AIM OF THE TASK >>
Return the data below unchanged, without images.

GIVEN MATERIAL >>
○ ○ ○ ○
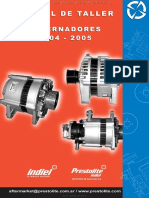 manual-alternadores-funcionamiento-circuitos-productos-rango-aplicaciones-curvas-caracteristicas-desarme-armado-1.pdf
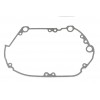 Motorpackning till Bafang M420 G332 motor
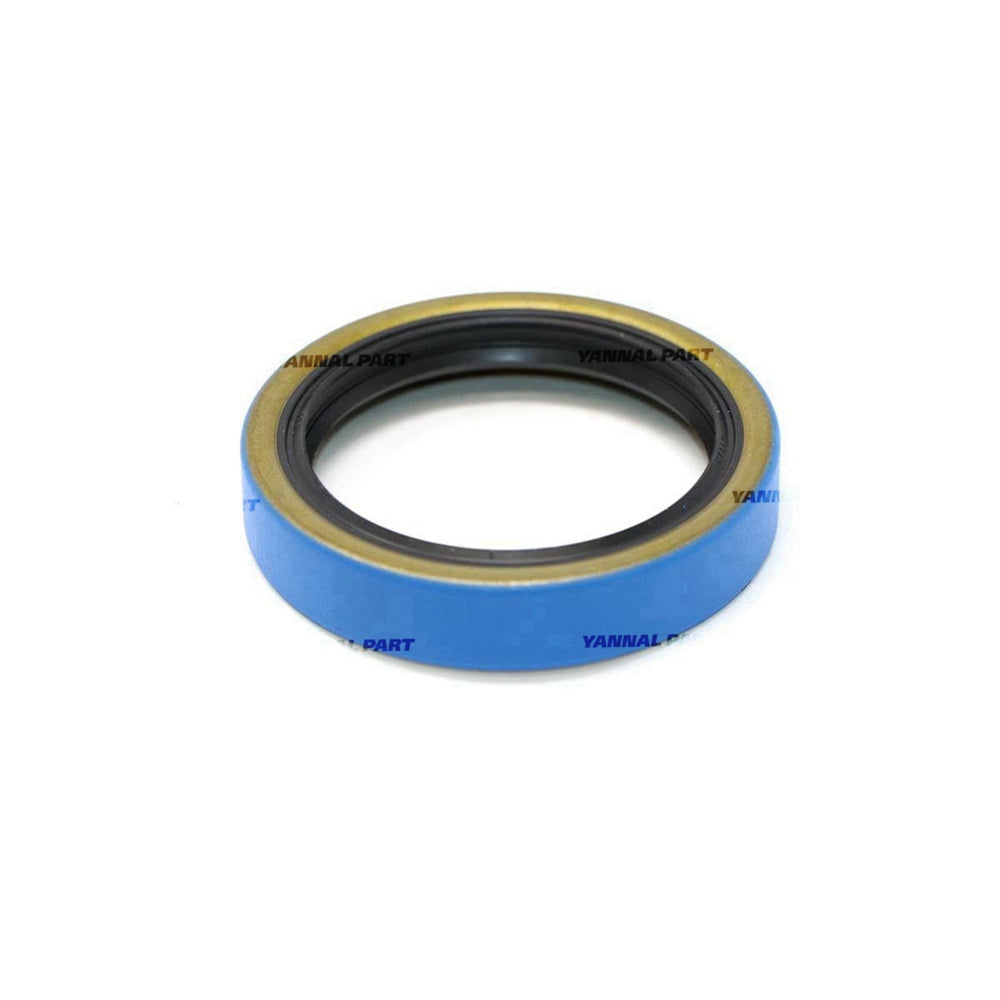 Part No. 6513277 Oil Seal Fit For Bobcat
○ ○ ○ ○
OUTPUT OF THE TASK >>
 manual-alternadores-funcionamiento-circuitos-productos-rango-aplicaciones-curvas-caracteristicas-desarme-armado-1.pdf
 Motorpackning till Bafang M420 G332 motor
 Part No. 6513277 Oil Seal Fit For Bobcat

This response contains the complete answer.